Solar energy is crucial to many futures. On the micro level, there’s a booming solar industry in America and across the globe. Since Congress passed a tax credit in 2006, the Solar Energy Industry Association (SEIA) says that the industry has been averaging an annual growth rate of 50 percent in the last decade. In most fields, that would be macro news. But solar energy has a mission beyond making money—it’s supposed to save the planet.
There’s no plan to prevent man-made global warming from permanently warping the Earth’s climate without solar panels and the energy they can convert. “The role of renewable energy solutions in mitigating climate change is proven,” says the United Nations Development Program. Some in the industry think that solar will grow 6,500 percent as an industry by 2050 in order to mitigate that need.

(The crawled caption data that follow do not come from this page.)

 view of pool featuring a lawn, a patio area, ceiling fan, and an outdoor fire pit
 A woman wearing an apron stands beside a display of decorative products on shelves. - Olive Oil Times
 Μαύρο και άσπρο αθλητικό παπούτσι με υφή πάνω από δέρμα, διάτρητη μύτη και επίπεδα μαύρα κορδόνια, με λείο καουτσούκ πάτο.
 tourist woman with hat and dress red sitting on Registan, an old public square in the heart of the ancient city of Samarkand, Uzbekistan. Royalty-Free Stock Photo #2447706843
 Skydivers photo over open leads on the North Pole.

But for all their importance, solar panels still feel mysterious. Stiff and slightly menacing black rectangles, they have neither the look or the feel of a savior. Majestic waterfalls and dams look heroic, but solar panels do not. So…how do they work anyway?
A Brief History
Work in solar energy started in 1839, when a young French physicist named Edmond Becquerel discovered what is now known as the photovoltaic effect. Becquerel was working in the family business—his father, Antoine Becquerel, was a well-known French scientist who was increasingly interested in electricity. Edmond was interested in how light functioned, and when he was just 19 their two interests met—he discovered that electricity could be produced through sunlight.

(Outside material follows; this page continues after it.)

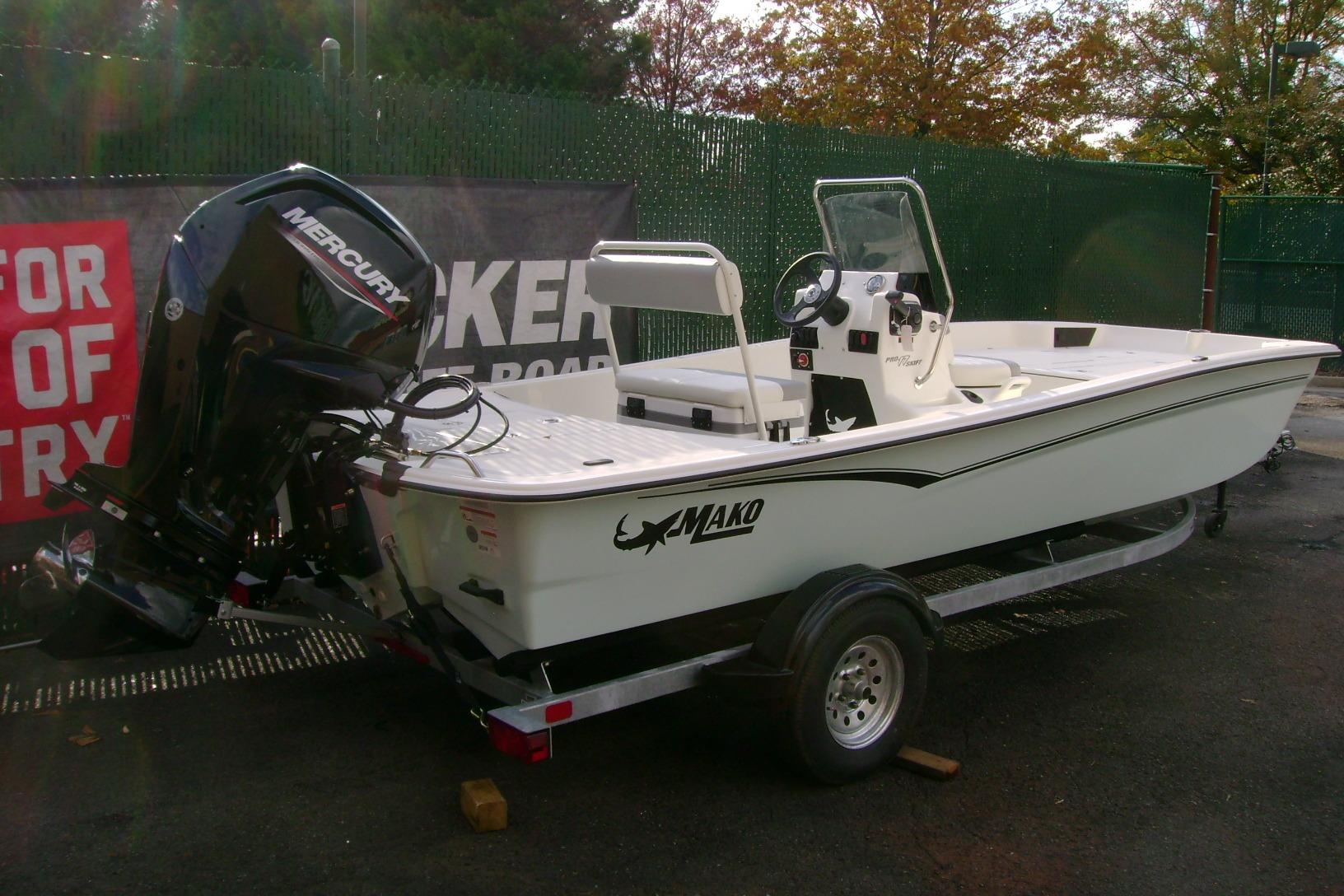 2026 Mako Pro Skiff 17 CC boat on trailer with Mercury outboard motor.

The years went on and the technology made small but steady steps. During the 1940s, scientists like Maria Telkes experimented with using sodium sulphates to store energy from the sun to create the Dover Sun House. When investigating semiconductors, the engineer Russell Shoemaker Ochs examined a cracked silicon sample and noticed that it was conducting electricity despite the crack.

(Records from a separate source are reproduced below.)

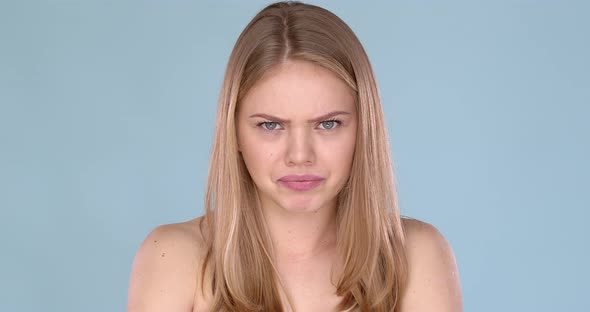 Angry Young Female, Blond Hair with Bare Shoulders alt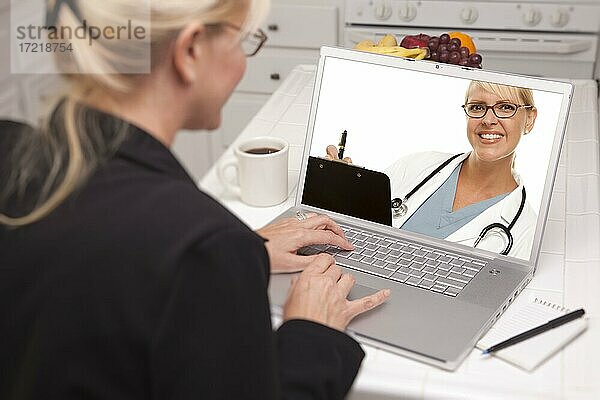 Frau in Küche mit Laptop  Online-Chat mit Krankenschwester oder Ärztin auf dem Bildschirm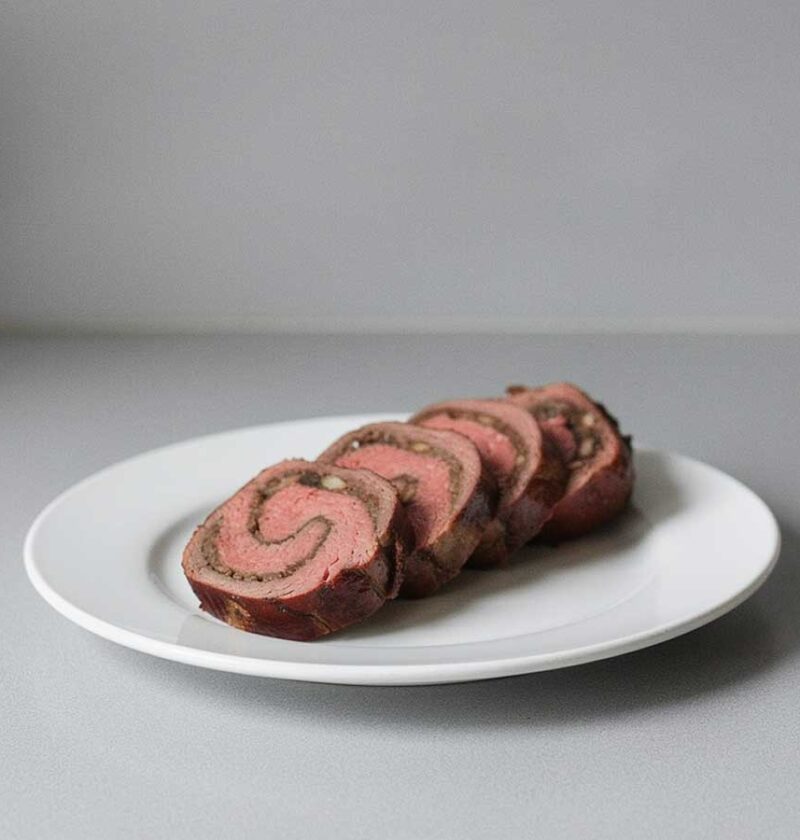 4 plakken van een gevulde bavette rollade op een witte schaal.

But the biggest leap came on April 25, 1954, when chemist Calvin Fuller, physicist Gerald Pearson, and engineer Daryl Chapin revealed that they had built the first practical silicon solar cell.
Like Ochs, the trio worked for Bell Labs and had taken on the challenge of creating that balance before. Chapin had been trying to create power sources for remote telephones in deserts, were regular batteries would dry up. Pearson and Fuller were working on controlling the properties of semiconductors, which would later be used to power computers. Aware of each others work, the three decided to collaborate.